*TASK DESCRIPTION:* In the data below, the copy begins at the line containing "مزایای بوتاکس" and runs through the last line; repeat those lines exactly, minus the pictures.

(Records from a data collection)
■ ■ ■ ■ ■ ■ ■

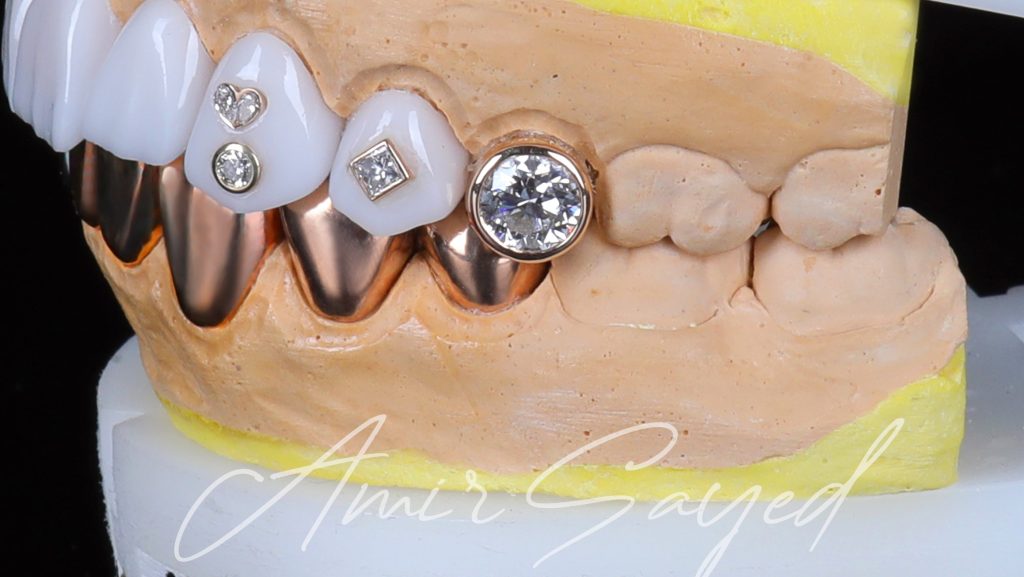 Diamond veneers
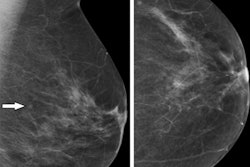 2022 09 14 15 43 0066 2022 09 13 Radiology Radiologist Radiographer Mammo 400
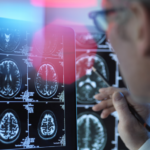 دواء لألزهايمر يحقق نتائج مذهلة في تأخيره 8 سنوات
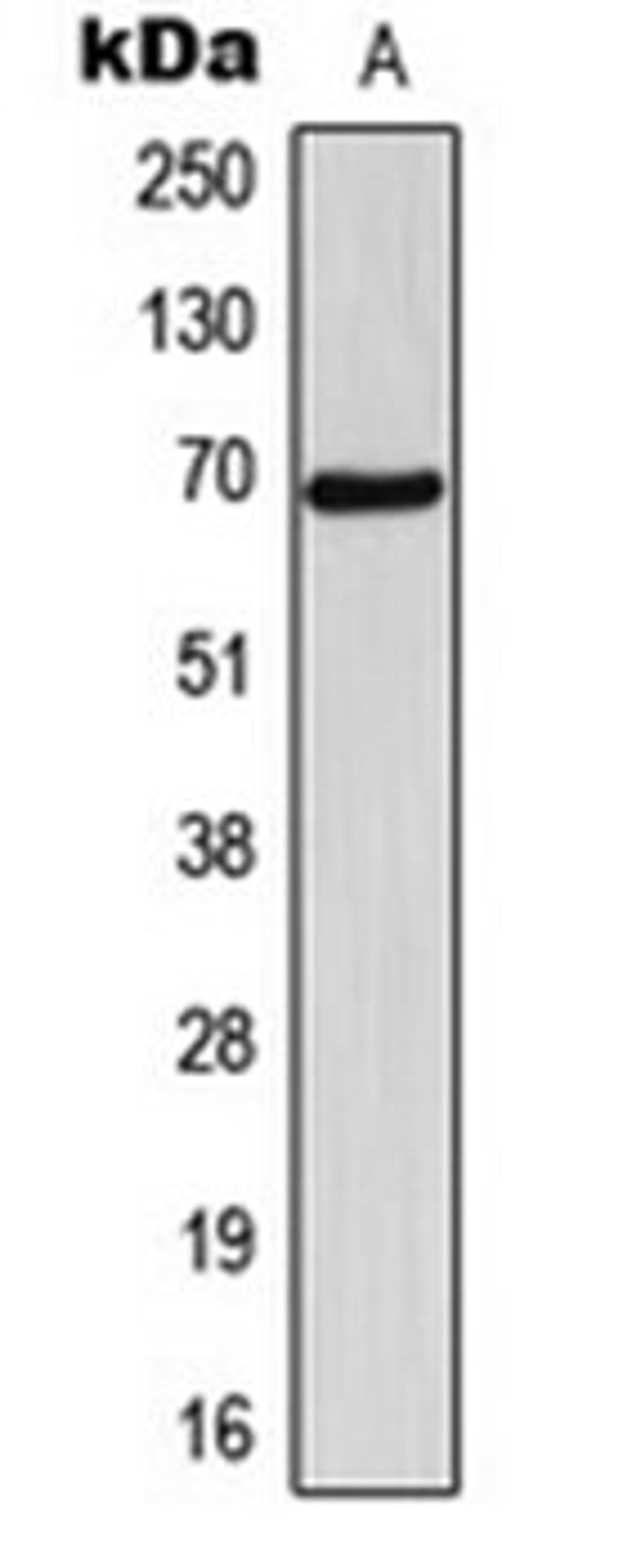 Western blot analysis of EAhy926 (Lane 1) whole cell lysates using NT5C1B antibody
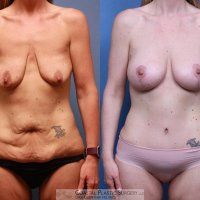 Mommy Makeover Before After Photos Patient 118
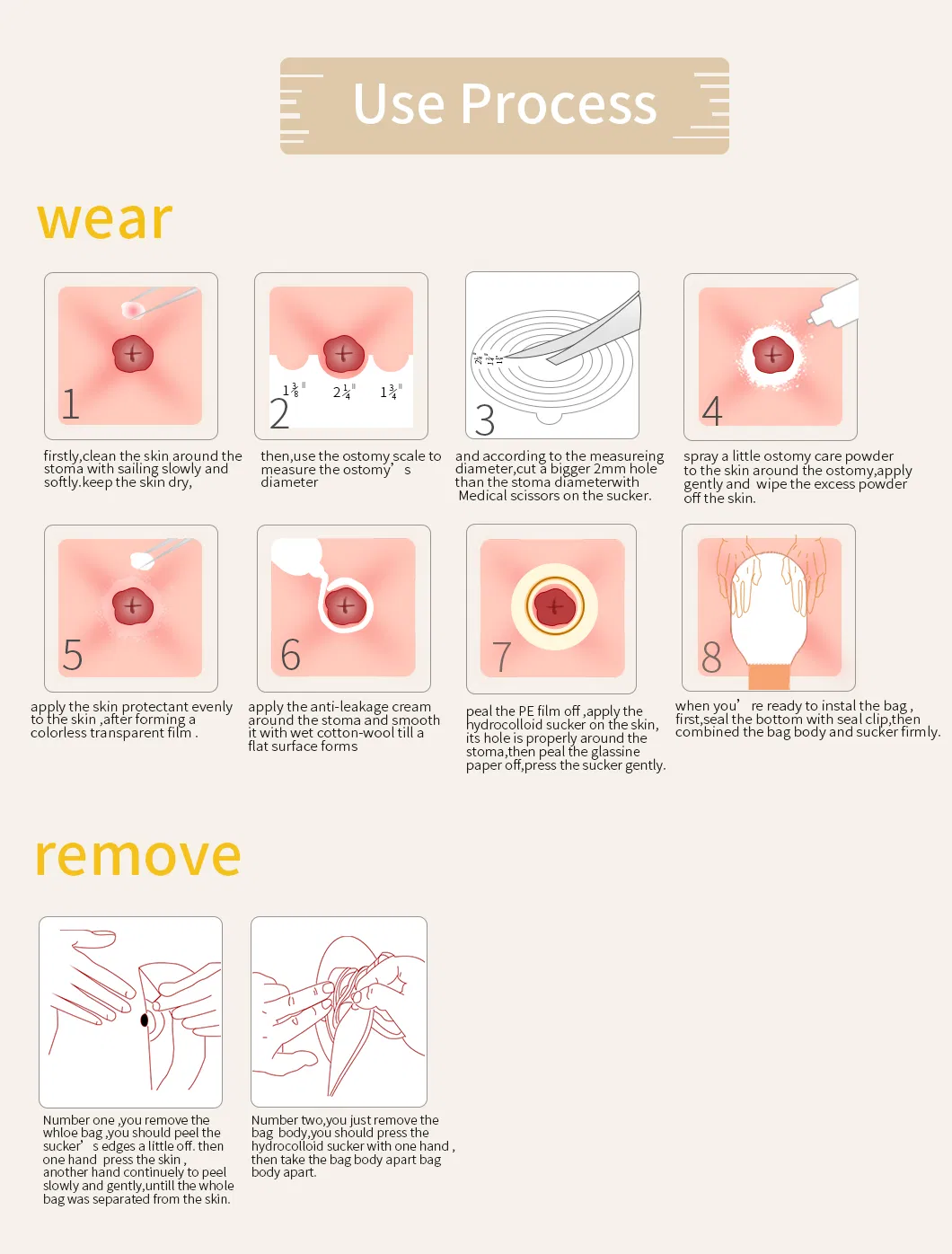 Material Medical Instrument Brown Non-Woven Two Piece Hydrocolloid Ostomy Clip Bag Recycle Illeostomy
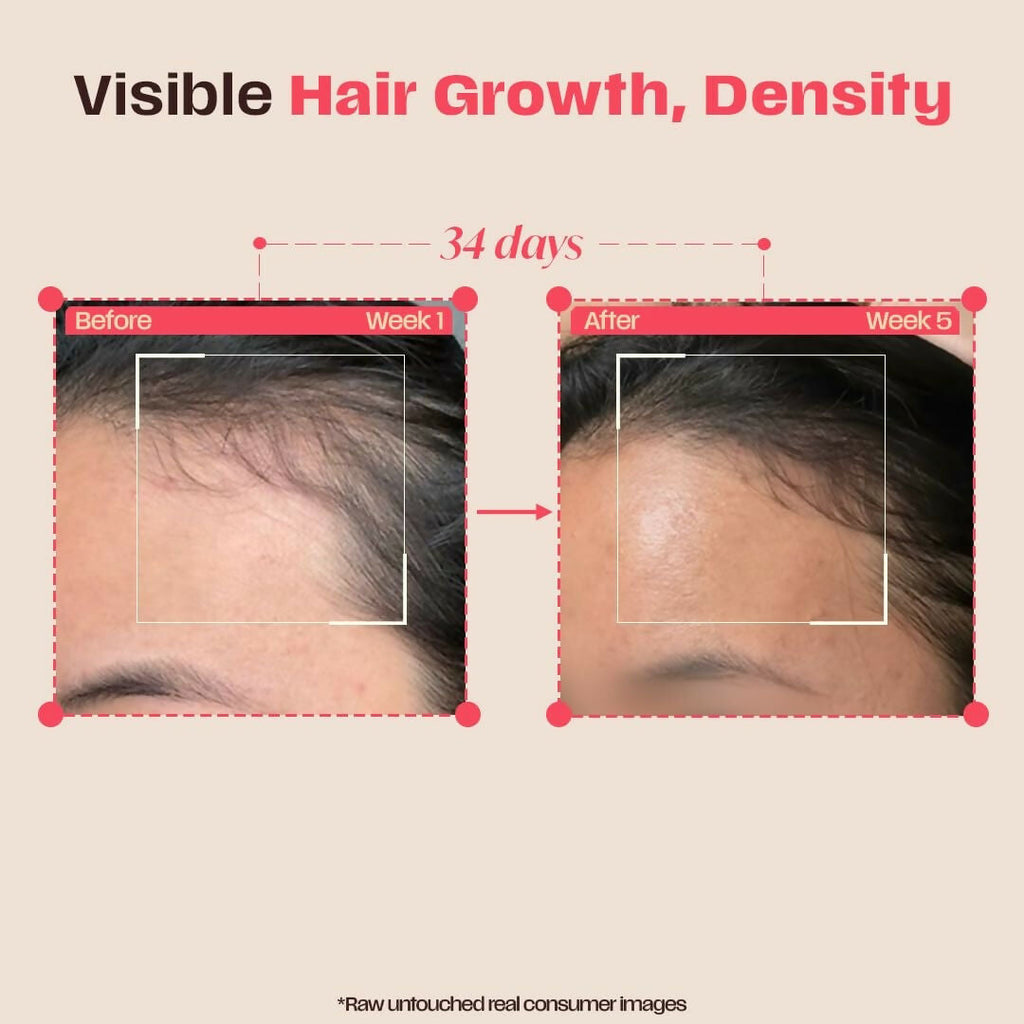Days Ahead Leave-in Hair Growth Ampoule Serum (Roll on) | Grocsy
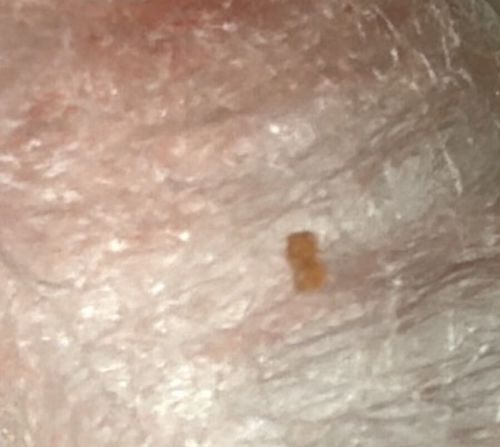 Pubic Louse (Crab Louse)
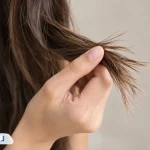 موخوره از چیست؟ علائم، انواع، دلایل ایجاد و راه‌های درمان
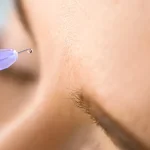 مزایای بوتاکس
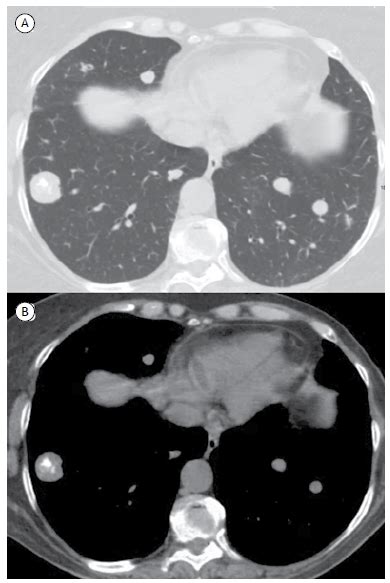 Scielo Brasil Ct Features Of Osteosarcoma Lung Metastasis A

■ ■ ■ ■ ■ ■ ■

*PROBLEM SOLUTION:*
 مزایای بوتاکس
 Scielo Brasil Ct Features Of Osteosarcoma Lung Metastasis A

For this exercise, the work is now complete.